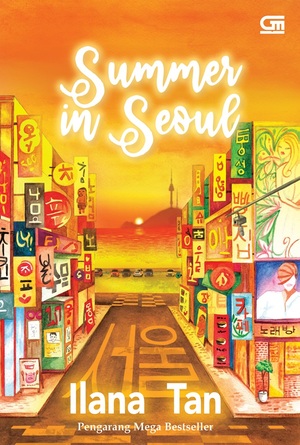 Summer in Seoul by Ilana Tan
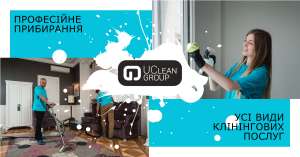 Прибирання, хімчистка ковроліну/меблів, миття вікон/фасадів. Чернівці - объявление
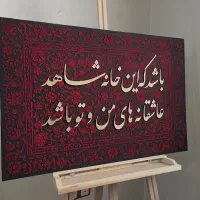 تابلو مخمل و کالیگرافی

◆ WORK ORDER: Write out each line of the data exactly; the images should be left out.

◆ ANSWER AREA:
 Summer in Seoul by Ilana Tan
 Прибирання, хімчистка ковроліну/меблів, миття вікон/фасадів. Чернівці - объявление
 تابلو مخمل و کالیگرافی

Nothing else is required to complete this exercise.